In the records below, find the line with "This is a gentleman's", then copy each line exactly until you have copied the line with "A color contrast". Leave any picture out.

> **Data provided**
• • • • • • •
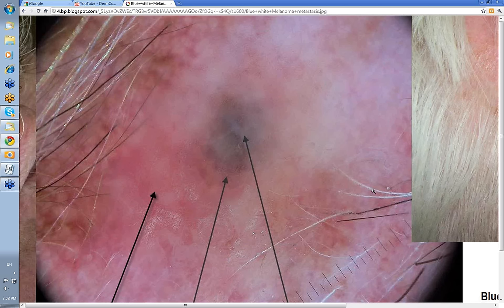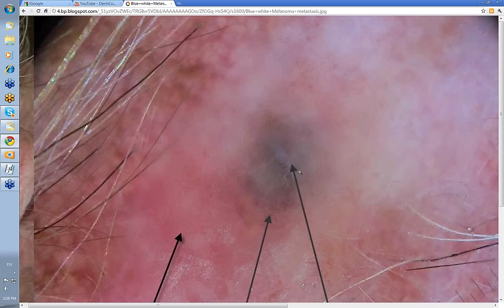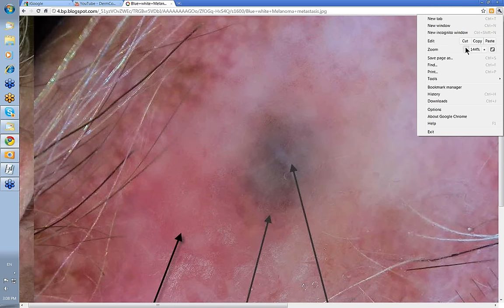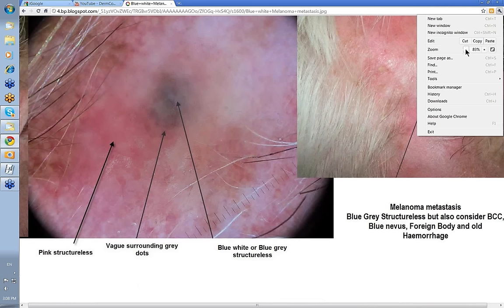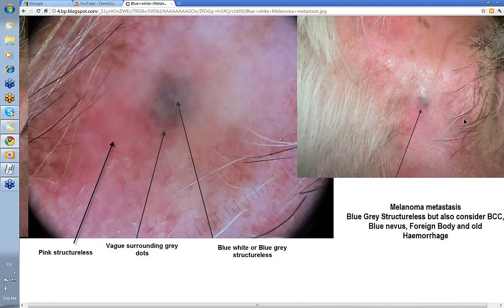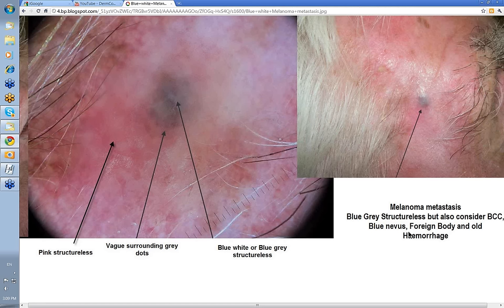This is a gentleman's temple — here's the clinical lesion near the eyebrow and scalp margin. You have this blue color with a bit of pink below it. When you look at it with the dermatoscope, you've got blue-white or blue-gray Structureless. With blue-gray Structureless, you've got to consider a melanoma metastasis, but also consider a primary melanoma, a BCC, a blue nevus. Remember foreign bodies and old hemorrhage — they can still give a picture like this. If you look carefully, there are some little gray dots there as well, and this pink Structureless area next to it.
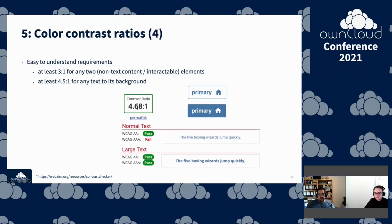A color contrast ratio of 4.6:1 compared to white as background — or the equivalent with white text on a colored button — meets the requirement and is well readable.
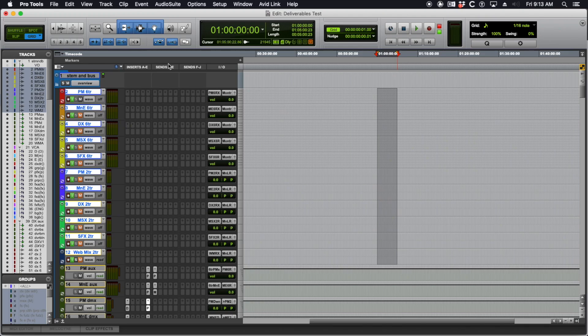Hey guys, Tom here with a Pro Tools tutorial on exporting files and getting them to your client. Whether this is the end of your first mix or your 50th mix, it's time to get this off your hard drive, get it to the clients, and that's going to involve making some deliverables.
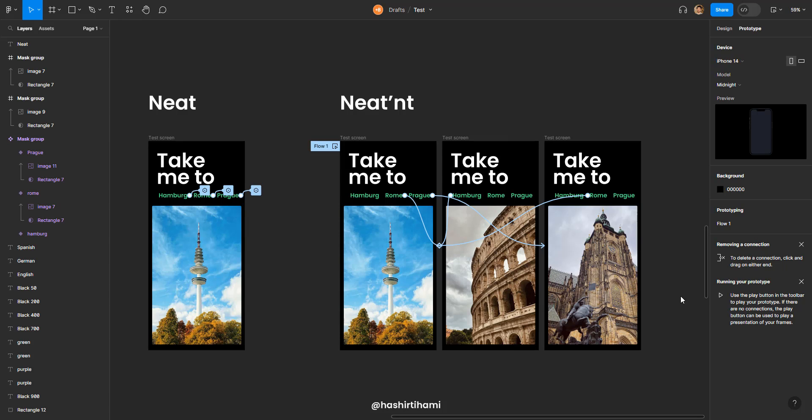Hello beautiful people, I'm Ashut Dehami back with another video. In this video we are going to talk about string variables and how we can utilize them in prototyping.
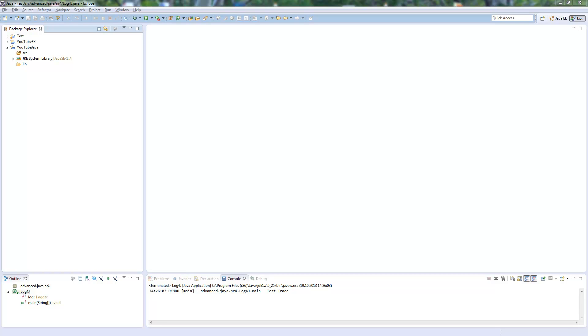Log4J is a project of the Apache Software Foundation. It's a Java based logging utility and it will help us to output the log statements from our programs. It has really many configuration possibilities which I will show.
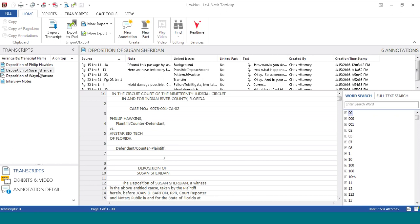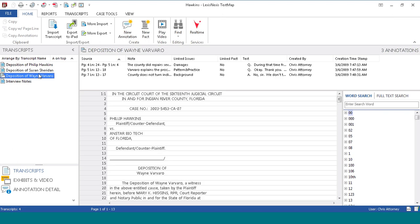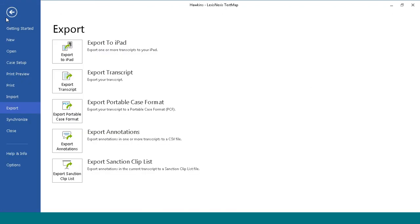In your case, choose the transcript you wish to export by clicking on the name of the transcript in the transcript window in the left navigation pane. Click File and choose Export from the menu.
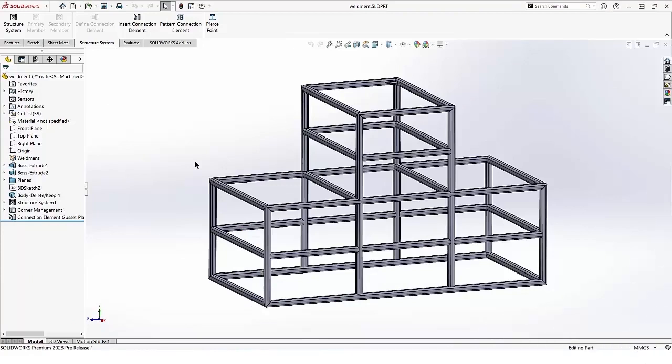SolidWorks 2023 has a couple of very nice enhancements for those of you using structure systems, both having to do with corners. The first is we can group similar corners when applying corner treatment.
• • • • • • •
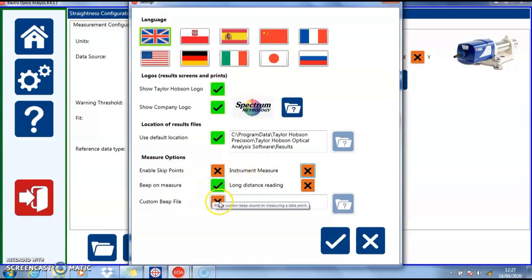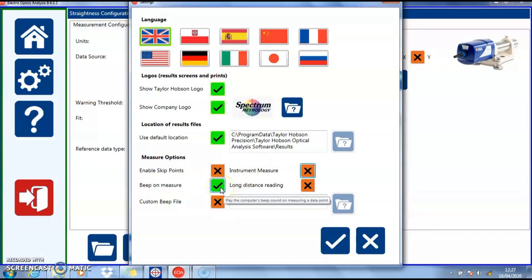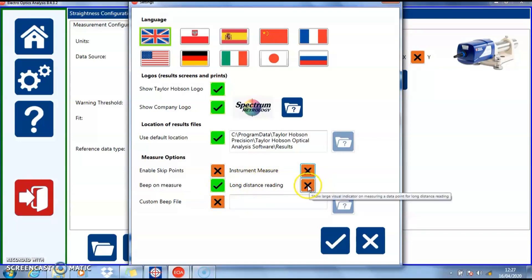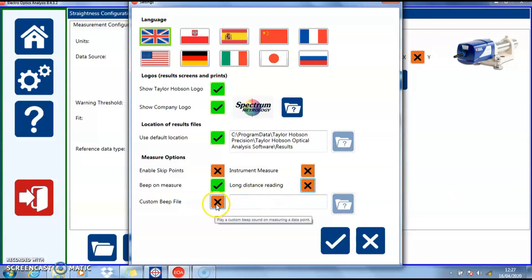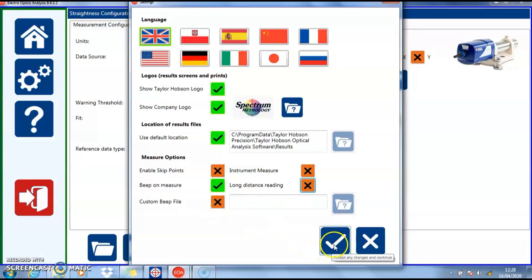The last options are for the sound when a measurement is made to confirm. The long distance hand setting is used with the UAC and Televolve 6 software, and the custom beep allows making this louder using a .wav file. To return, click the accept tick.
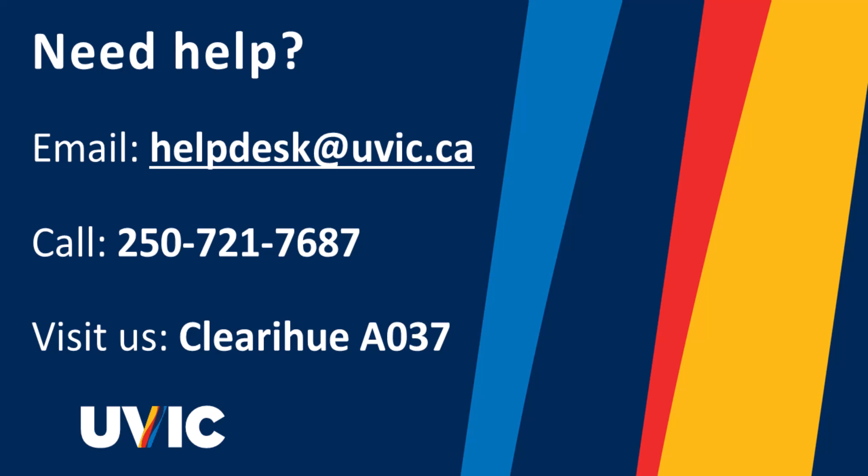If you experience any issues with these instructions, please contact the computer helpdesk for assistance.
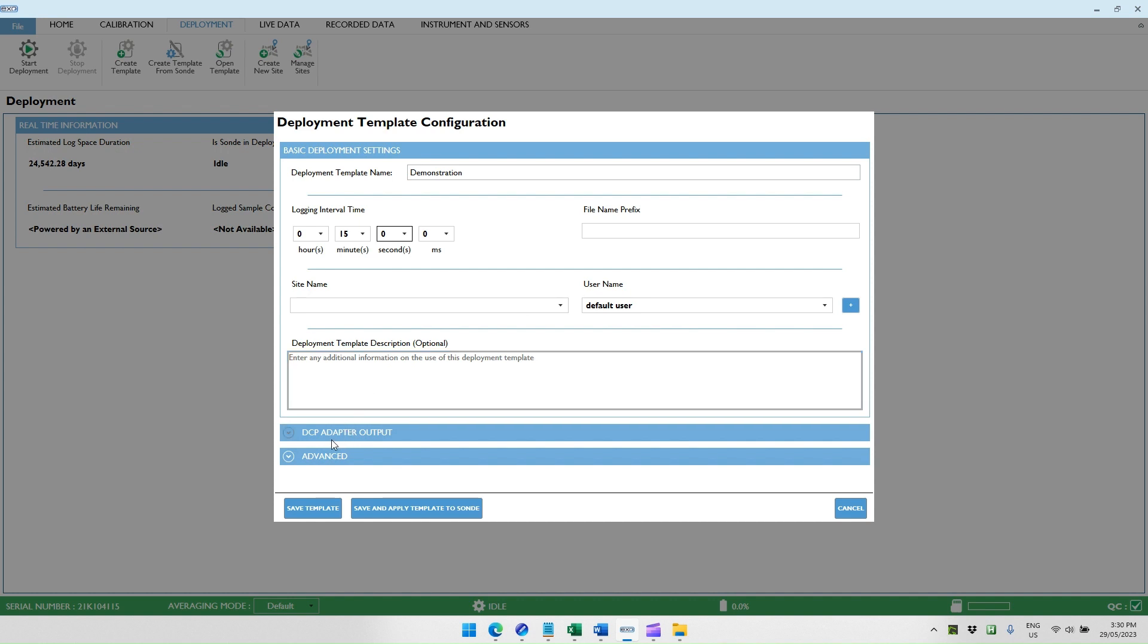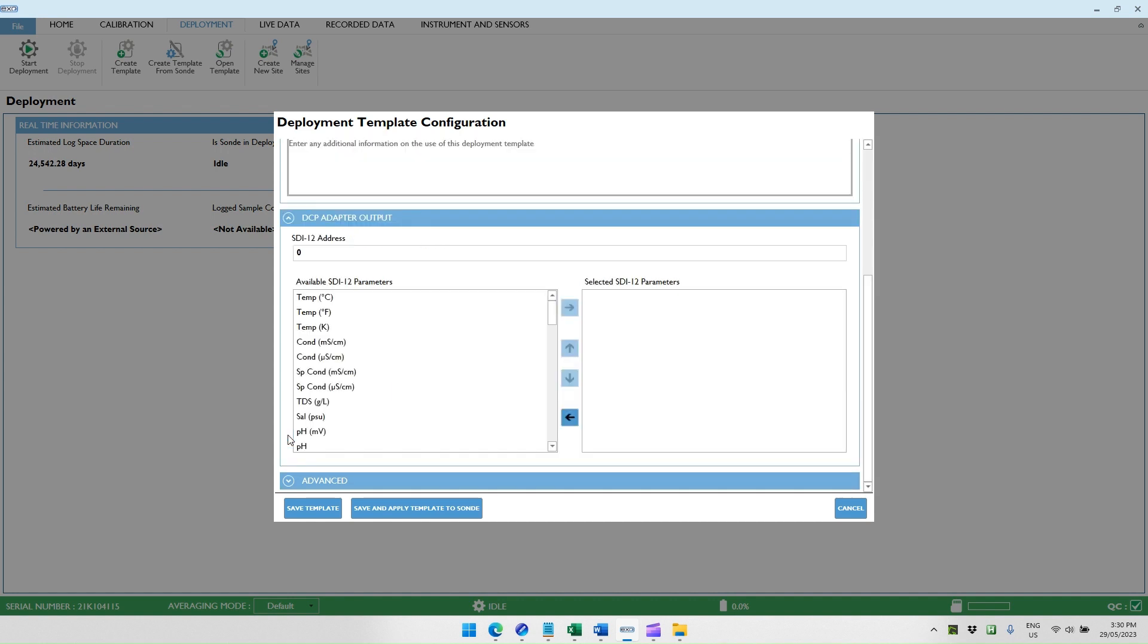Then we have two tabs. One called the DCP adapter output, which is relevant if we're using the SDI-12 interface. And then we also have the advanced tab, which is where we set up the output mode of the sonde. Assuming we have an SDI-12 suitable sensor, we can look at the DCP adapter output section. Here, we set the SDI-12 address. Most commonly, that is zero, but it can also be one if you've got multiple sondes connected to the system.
• • • • • • •
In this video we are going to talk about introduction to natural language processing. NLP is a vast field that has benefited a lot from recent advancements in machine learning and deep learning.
• • • • • • •
> **Result for this exercise**
This is a gentleman's temple — here's the clinical lesion near the eyebrow and scalp margin. You have this blue color with a bit of pink below it. When you look at it with the dermatoscope, you've got blue-white or blue-gray Structureless. With blue-gray Structureless, you've got to consider a melanoma metastasis, but also consider a primary melanoma, a BCC, a blue nevus. Remember foreign bodies and old hemorrhage — they can still give a picture like this. If you look carefully, there are some little gray dots there as well, and this pink Structureless area next to it.
A color contrast ratio of 4.6:1 compared to white as background — or the equivalent with white text on a colored button — meets the requirement and is well readable.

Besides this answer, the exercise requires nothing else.